# 2000 25hp yamaha 2 stroke.



## LOUMan (Mar 20, 2007)

I am currently running a 25 Yami on my Classic. My Gheenoe has fron and rear deck and a jackplate. Myself and another angler I get roughly 28 mph on stock prop. Is this more or less average? What type of prop would be ideal for my set up? My jackplate is currently set all the way up 3". Also would a Dol-fin help? 

thanks


----------



## LOUMan (Mar 20, 2007)

I would like to get a little more top end with not losing to much hull shot.


----------



## noeettica (Sep 23, 2007)

Porer tech 12 pitch cupped 4 blade ... I think It's an SRA

Souped up motor Probably putting out 18 + hp ...
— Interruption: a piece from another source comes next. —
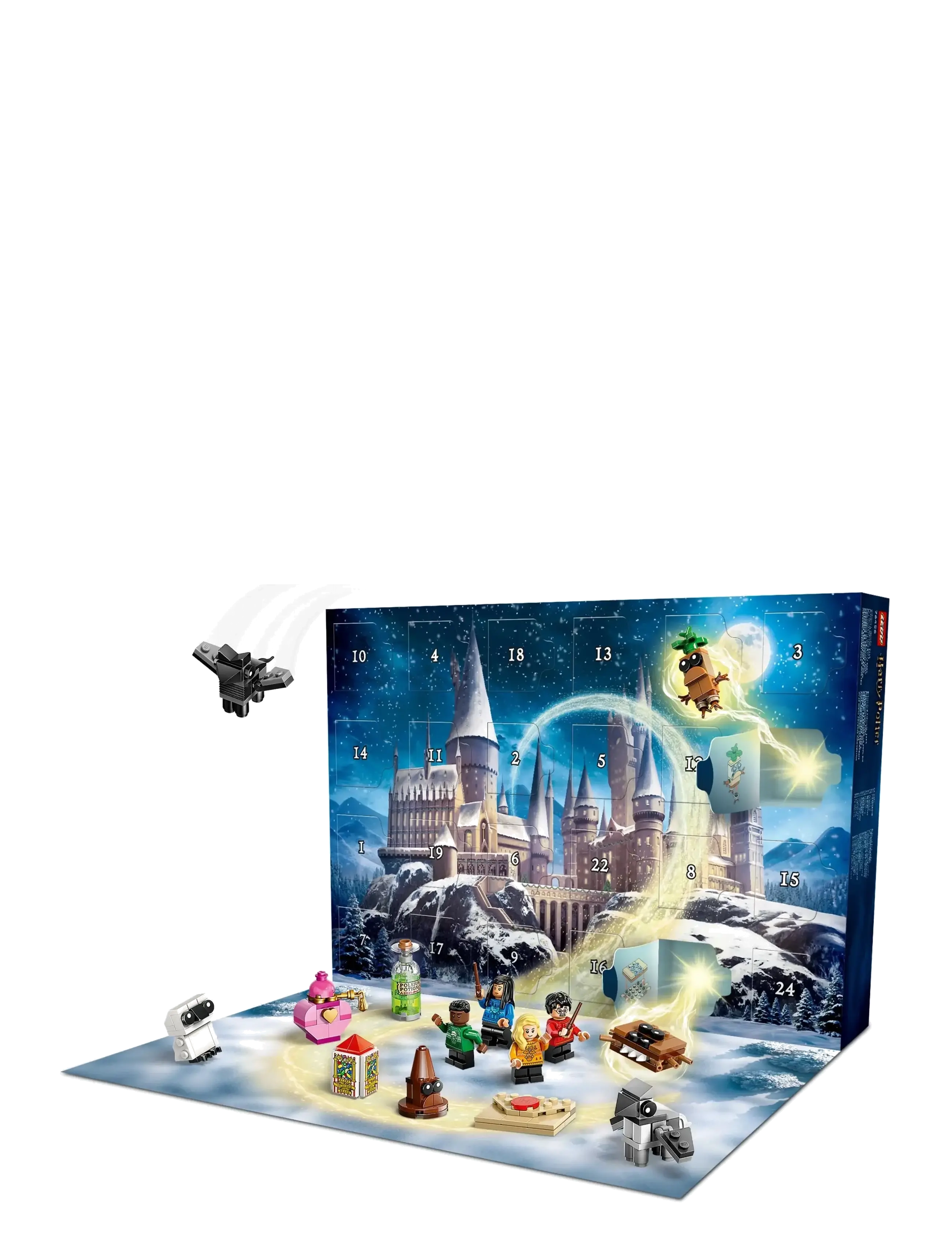LEGO - Harry Advent Calendar 2025, Wizard Toy for Kids 76456 - madalaimad hinnad - multi - 3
http://www.youtube.com/watch?v=Sou_C8PTLlA


----------



## tom_in_orl (Dec 9, 2006)

Go with a 3 blade for more top end. Having a jack plate and raising the motor to the optimal height will get you an additional 2 - 3 MPH.


----------



## cutrunner (Jun 8, 2010)

Sounds like your not far off.. I have your same setup but i added power trim an it made a world of difference. Not only in speed but ride quality


----------



## LOUMan (Mar 20, 2007)

so 12 pitch, or 14??


----------



## cutrunner (Jun 8, 2010)

13 powertech with cupping is perfect


----------



## noeettica (Sep 23, 2007)

Glad to hear that I sold a 13 and was hoping he would be OK ... he said he loved it  "others" Endorse a 9 pitch  Do not know why ...sounds awfully flat LOL 




> 13 powertech with cupping is perfect


----------



## chew (Feb 26, 2010)

i run a 20hp 4stroke yam..... on a classic with front/rear decks and two well "anchored" anglers and run out at 25mph with a 3 blade 9 1/4...


----------



## Les_Lammers (Feb 17, 2007)

A friend has the same motor on a Classic and he gets about the same speed.

A SE 200 foil was suggested here for the Yammy 25. I have that motor and the foil but don't have it on the boat yet. 

http://www.sesport.com/5_29.asp


----------



## noeettica (Sep 23, 2007)

Do before and after tests and let us know ...


----------